* ABOUT THIS TASK
Quote every line below exactly as it reads.

* SUPPLIED MATERIAL

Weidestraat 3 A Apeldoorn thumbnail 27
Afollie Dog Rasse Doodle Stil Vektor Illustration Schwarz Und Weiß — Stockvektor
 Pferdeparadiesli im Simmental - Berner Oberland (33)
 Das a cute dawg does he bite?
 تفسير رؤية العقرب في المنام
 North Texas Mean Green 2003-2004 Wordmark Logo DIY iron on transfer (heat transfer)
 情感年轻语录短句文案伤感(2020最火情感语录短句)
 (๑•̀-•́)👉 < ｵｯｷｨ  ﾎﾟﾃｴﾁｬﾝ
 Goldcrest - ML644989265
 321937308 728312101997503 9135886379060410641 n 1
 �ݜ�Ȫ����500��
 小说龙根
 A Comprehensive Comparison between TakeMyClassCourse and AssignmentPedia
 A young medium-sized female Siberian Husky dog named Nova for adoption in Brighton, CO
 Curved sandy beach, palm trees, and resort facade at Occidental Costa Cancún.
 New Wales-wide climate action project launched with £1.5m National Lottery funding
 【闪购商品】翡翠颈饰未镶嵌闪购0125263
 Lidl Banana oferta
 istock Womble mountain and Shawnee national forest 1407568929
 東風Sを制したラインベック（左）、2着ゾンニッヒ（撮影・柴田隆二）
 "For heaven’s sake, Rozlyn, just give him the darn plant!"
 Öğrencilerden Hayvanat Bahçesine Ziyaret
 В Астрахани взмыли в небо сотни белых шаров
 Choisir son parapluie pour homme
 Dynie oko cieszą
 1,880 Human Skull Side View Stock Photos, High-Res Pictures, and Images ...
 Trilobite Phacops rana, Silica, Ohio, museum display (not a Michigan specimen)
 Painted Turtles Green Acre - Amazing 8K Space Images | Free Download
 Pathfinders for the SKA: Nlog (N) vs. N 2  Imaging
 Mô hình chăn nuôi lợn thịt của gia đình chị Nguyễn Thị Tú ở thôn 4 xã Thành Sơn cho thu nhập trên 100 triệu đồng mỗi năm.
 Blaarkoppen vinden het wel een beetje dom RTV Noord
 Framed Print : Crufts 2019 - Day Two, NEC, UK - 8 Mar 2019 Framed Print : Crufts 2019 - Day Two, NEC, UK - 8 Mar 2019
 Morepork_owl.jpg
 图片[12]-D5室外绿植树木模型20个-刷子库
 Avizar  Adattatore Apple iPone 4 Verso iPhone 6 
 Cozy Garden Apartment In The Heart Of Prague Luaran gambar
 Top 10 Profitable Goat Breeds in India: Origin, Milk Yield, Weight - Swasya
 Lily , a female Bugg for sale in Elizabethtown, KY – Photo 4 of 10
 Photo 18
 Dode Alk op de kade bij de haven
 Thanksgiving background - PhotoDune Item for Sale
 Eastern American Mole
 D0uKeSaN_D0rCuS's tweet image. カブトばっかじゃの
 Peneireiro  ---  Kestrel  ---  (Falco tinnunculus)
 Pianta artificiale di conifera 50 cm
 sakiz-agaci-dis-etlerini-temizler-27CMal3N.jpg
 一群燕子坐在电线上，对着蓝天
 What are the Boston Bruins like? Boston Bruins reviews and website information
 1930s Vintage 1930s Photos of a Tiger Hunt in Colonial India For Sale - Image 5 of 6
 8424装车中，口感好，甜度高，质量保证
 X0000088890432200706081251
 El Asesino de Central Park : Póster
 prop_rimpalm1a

* WRITTEN SOLUTION
Weidestraat 3 A Apeldoorn thumbnail 27
Afollie Dog Rasse Doodle Stil Vektor Illustration Schwarz Und Weiß — Stockvektor
 Pferdeparadiesli im Simmental - Berner Oberland (33)
 Das a cute dawg does he bite?
 تفسير رؤية العقرب في المنام
 North Texas Mean Green 2003-2004 Wordmark Logo DIY iron on transfer (heat transfer)
 情感年轻语录短句文案伤感(2020最火情感语录短句)
 (๑•̀-•́)👉 < ｵｯｷｨ  ﾎﾟﾃｴﾁｬﾝ
 Goldcrest - ML644989265
 321937308 728312101997503 9135886379060410641 n 1
 �ݜ�Ȫ����500��
 小说龙根
 A Comprehensive Comparison between TakeMyClassCourse and AssignmentPedia
 A young medium-sized female Siberian Husky dog named Nova for adoption in Brighton, CO
 Curved sandy beach, palm trees, and resort facade at Occidental Costa Cancún.
 New Wales-wide climate action project launched with £1.5m National Lottery funding
 【闪购商品】翡翠颈饰未镶嵌闪购0125263
 Lidl Banana oferta
 istock Womble mountain and Shawnee national forest 1407568929
 東風Sを制したラインベック（左）、2着ゾンニッヒ（撮影・柴田隆二）
 "For heaven’s sake, Rozlyn, just give him the darn plant!"
 Öğrencilerden Hayvanat Bahçesine Ziyaret
 В Астрахани взмыли в небо сотни белых шаров
 Choisir son parapluie pour homme
 Dynie oko cieszą
 1,880 Human Skull Side View Stock Photos, High-Res Pictures, and Images ...
 Trilobite Phacops rana, Silica, Ohio, museum display (not a Michigan specimen)
 Painted Turtles Green Acre - Amazing 8K Space Images | Free Download
 Pathfinders for the SKA: Nlog (N) vs. N 2  Imaging
 Mô hình chăn nuôi lợn thịt của gia đình chị Nguyễn Thị Tú ở thôn 4 xã Thành Sơn cho thu nhập trên 100 triệu đồng mỗi năm.
 Blaarkoppen vinden het wel een beetje dom RTV Noord
 Framed Print : Crufts 2019 - Day Two, NEC, UK - 8 Mar 2019 Framed Print : Crufts 2019 - Day Two, NEC, UK - 8 Mar 2019
 Morepork_owl.jpg
 图片[12]-D5室外绿植树木模型20个-刷子库
 Avizar  Adattatore Apple iPone 4 Verso iPhone 6 
 Cozy Garden Apartment In The Heart Of Prague Luaran gambar
 Top 10 Profitable Goat Breeds in India: Origin, Milk Yield, Weight - Swasya
 Lily , a female Bugg for sale in Elizabethtown, KY – Photo 4 of 10
 Photo 18
 Dode Alk op de kade bij de haven
 Thanksgiving background - PhotoDune Item for Sale
 Eastern American Mole
 D0uKeSaN_D0rCuS's tweet image. カブトばっかじゃの
 Peneireiro  ---  Kestrel  ---  (Falco tinnunculus)
 Pianta artificiale di conifera 50 cm
 sakiz-agaci-dis-etlerini-temizler-27CMal3N.jpg
 一群燕子坐在电线上，对着蓝天
 What are the Boston Bruins like? Boston Bruins reviews and website information
 1930s Vintage 1930s Photos of a Tiger Hunt in Colonial India For Sale - Image 5 of 6
 8424装车中，口感好，甜度高，质量保证
 X0000088890432200706081251
 El Asesino de Central Park : Póster
 prop_rimpalm1a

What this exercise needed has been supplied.